● Records supplied:

────────

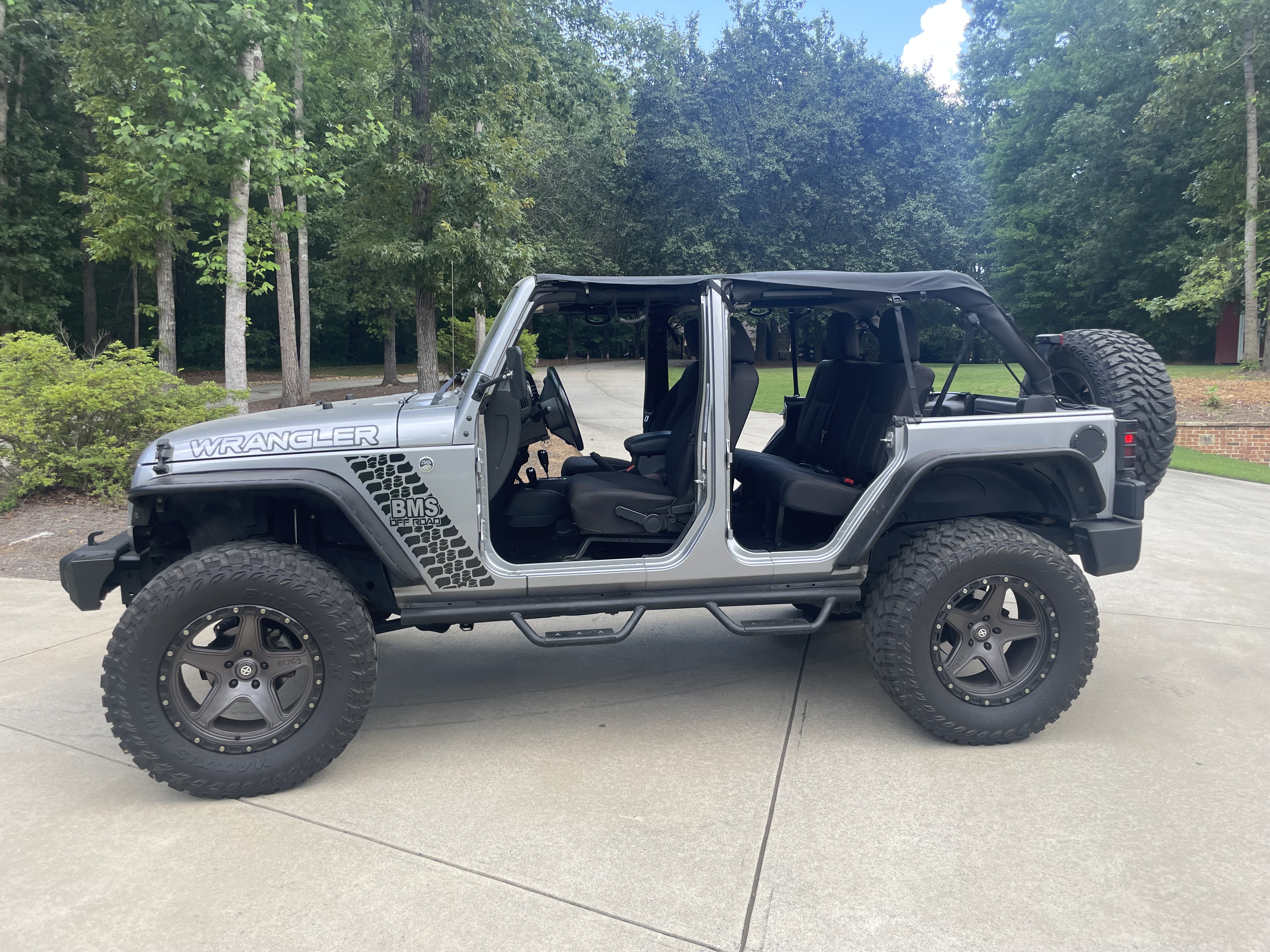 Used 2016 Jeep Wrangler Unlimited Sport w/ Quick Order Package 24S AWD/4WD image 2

────────

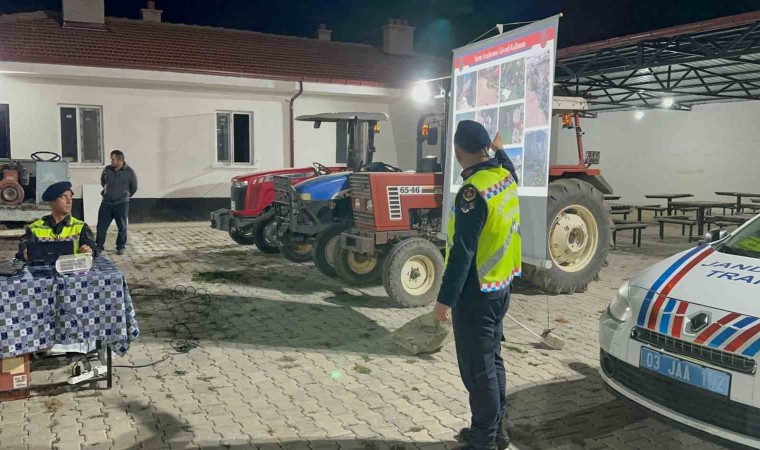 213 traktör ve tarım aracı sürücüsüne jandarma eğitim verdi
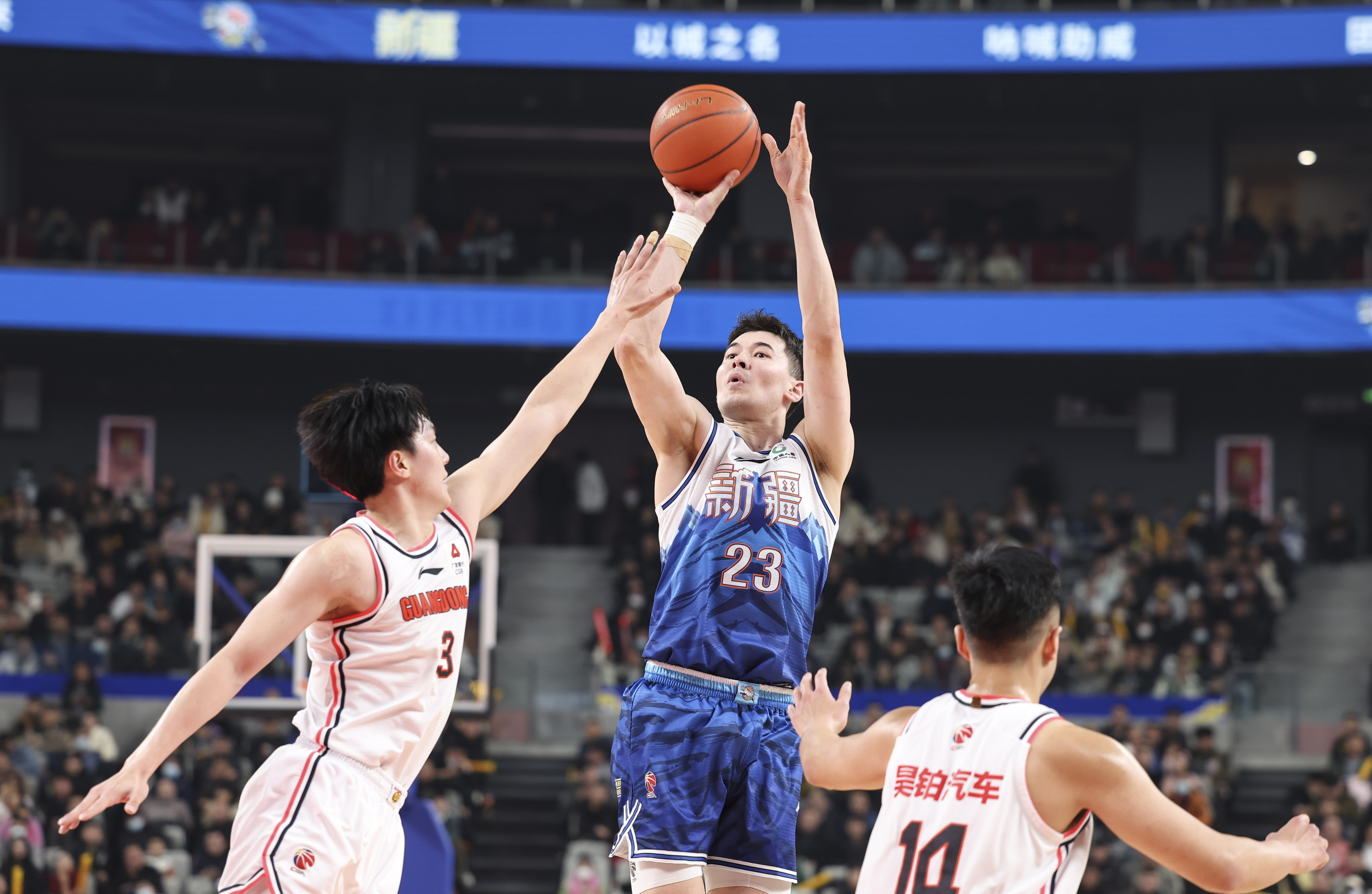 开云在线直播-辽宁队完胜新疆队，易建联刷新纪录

────────

Both boundary lines included, write out word for word only the lines above from the one containing "213 traktör ve" to the one containing "开云在线直播-辽宁队完胜新疆队，易建联刷新纪录", leaving out any pictures.

● Result for this task:
 213 traktör ve tarım aracı sürücüsüne jandarma eğitim verdi
 开云在线直播-辽宁队完胜新疆队，易建联刷新纪录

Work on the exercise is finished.